User:Zpao/mozStorageAndSessionStore
Contents
Relevant Links
- The Bug: Bug 508740
- Other mozStorage Consumers: Password Manager
Brainstorming
This is mostly just brainpuke right now...
General Thoughts
This is just a way to cut down on disk writes, which should give decent browsing speedups. Right now we write the whole file. That's bad, and it affects performance (less so now that writing that file was moved off the main thread).
Unlike the change to Password Manager, mozStorage here will only be used for writing to disk. We'll still be keeping all of the data we have in memory.
Methods That Will Need to Change
For the most part changes will be minor - mostly just marking state as dirty.
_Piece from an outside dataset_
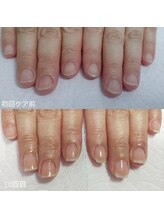 エヌプラス(Nplus)/美爪育成３ヵ月コース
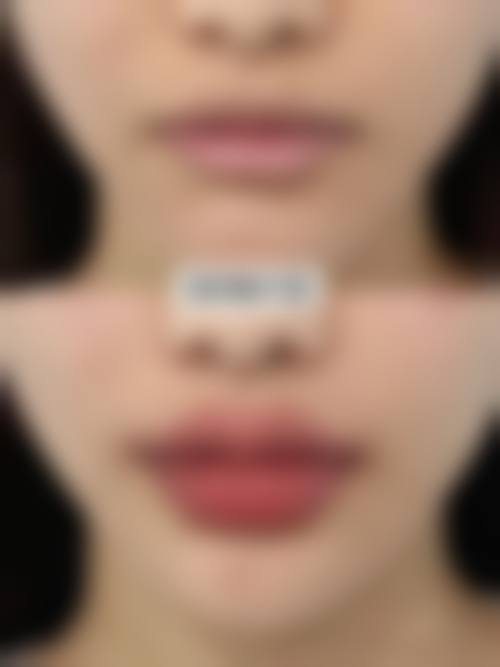 蔡小婷医生实例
Writing the file is where things will get most complicated. More on that later.
Database Related Methodology
This needs to be done well. I wasn't entirely happy with how Password Manager ended up. It works, but parts can be cleaner (for example, storing schema as strings is kinda dumb... oops) & we don't need everything (e.g. there are a limited number of statements we'll need to create). Unlike Password Manager we need to make sure we do a clean shutdown.
General Changes
We'll have to keep track of state for each tab & window. These states should be independent (e.g. a dirty tab doesn't imply a dirty window). This state (obviously) shouldn't be stored in the DB, so it will have to be filtered out of the object on write.
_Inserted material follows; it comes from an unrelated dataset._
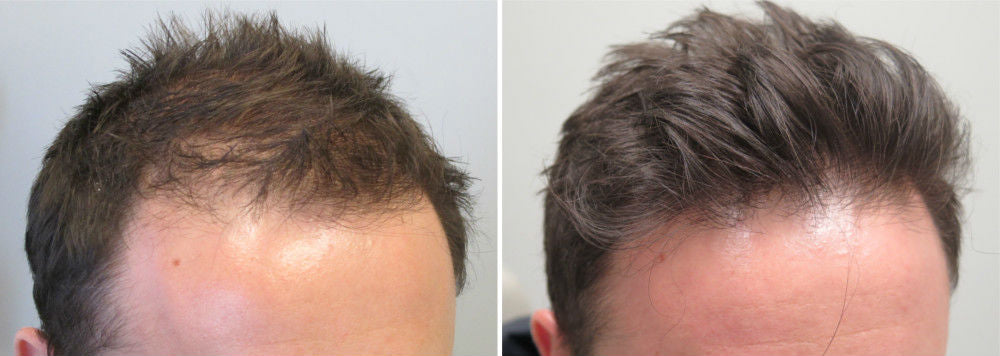 hairlust hair gummies før efter billede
nsSessionStartup will also need to be changed. We won't be able to just parse a JSON string and setState. We may want to move the reading of the database into nsSessionStore so it's consolidated.
Closing Tabs / Windows
This isn't as easy as marking state "deleted". Since we're not writing changes immediately, we'll have to keep track of what rows in the DB need to be deleted. Since the schema should include primary keys (I know we already make unique ids for windows, not sure about tabs), we can just put those ids in an array for the next write.
Writing the File
There are a few cases to consider:
- When state is "dirty", UPDATE
- When state is "new", INSERT
- If we keep the ids in an array as mentioned above, we can just loop over them & DELETE.
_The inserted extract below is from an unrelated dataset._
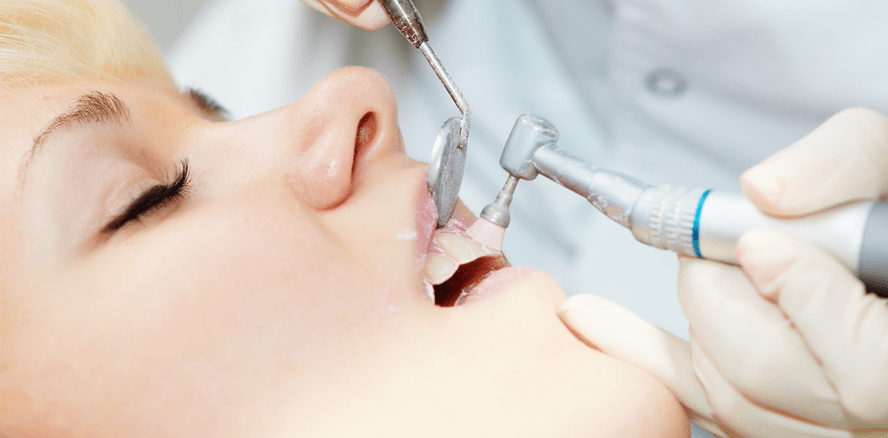 Kassenumfrage 2017 zur Professionellen Zahnreinigung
- Writing the root object each time shouldn't be too bad. All that we keep is selectedWindow, state, and lastUpdate.
Schema
- Will need to be de-normalized. It wouldn't be efficient to do 3NF for the data we're handling. There's just too much with a good amount of variability that it's just not worth it.
- I'm thinking just a basic window-||-----O<-tab relationship & another table for root properties (_closedWindows, state, lastupdate, etc)
- Closed tabs (window._closedTabs) will probably be a column in the windows table. We would just store the whole object here instead of keeping each tab as a separate entry in the tabs table (and having some isClosed marker).
Other Thoughts
Vacuuming
We'll probably have to vacuum this database fairly frequently. "...frequent inserts, updates, and deletes can cause the information in the database to become fragmented..." (SQLite VACUUM). Places doesn't vacuum as of yet (and neither do other heavy hitters like Mail.app), so it might not actually be too big of an issue. A large database kept across sessions could become a problem though. Should probably ignore the potential problem & see what happens with Firefox/Projects/App-wide_Database_Vacuum.
Compatibility Issues
- Do we want to read from sessionstore.js if sessionstore.sqlite isn't there (could be handy).
- Changes to schema will most likely cause issues.
- Sessions used with 3.7 (assuming this happens for that) won't be compatible with previous versions. Right now I think sessions created with a newer version of Firefox will still run on older ones.